> [SUPPLIED MATERIAL]

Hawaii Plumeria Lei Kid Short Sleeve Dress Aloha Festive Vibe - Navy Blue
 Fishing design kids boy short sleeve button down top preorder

---

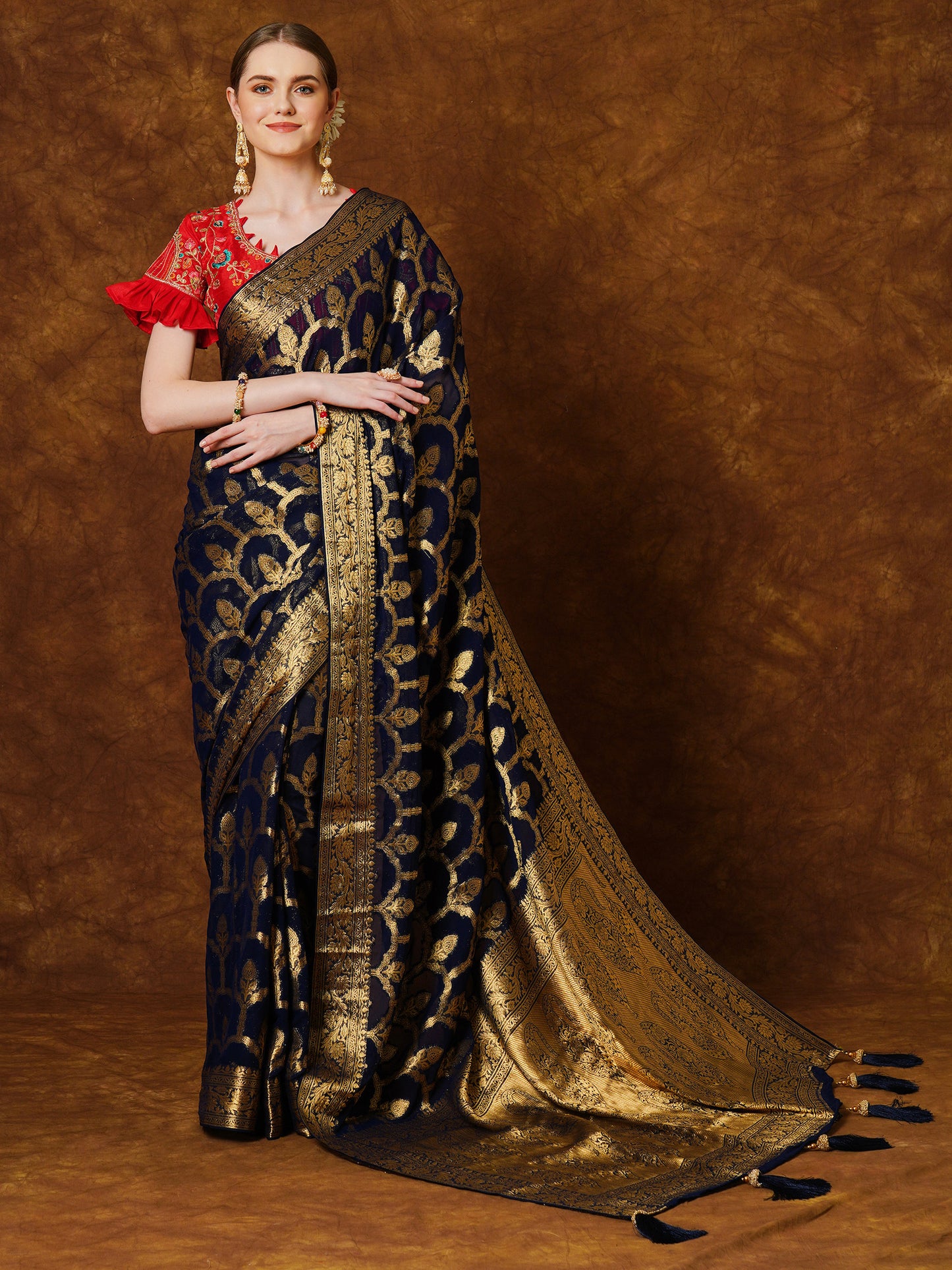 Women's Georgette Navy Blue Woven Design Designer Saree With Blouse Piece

> [WHAT TO PRODUCE]
Would you please copy exactly the part of the entries above that begins at the line containing "Hawaii Plumeria Lei" and ends at the line containing "Fishing design kids", both lines included?

> [ANSWER SPACE]
Hawaii Plumeria Lei Kid Short Sleeve Dress Aloha Festive Vibe - Navy Blue
 Fishing design kids boy short sleeve button down top preorder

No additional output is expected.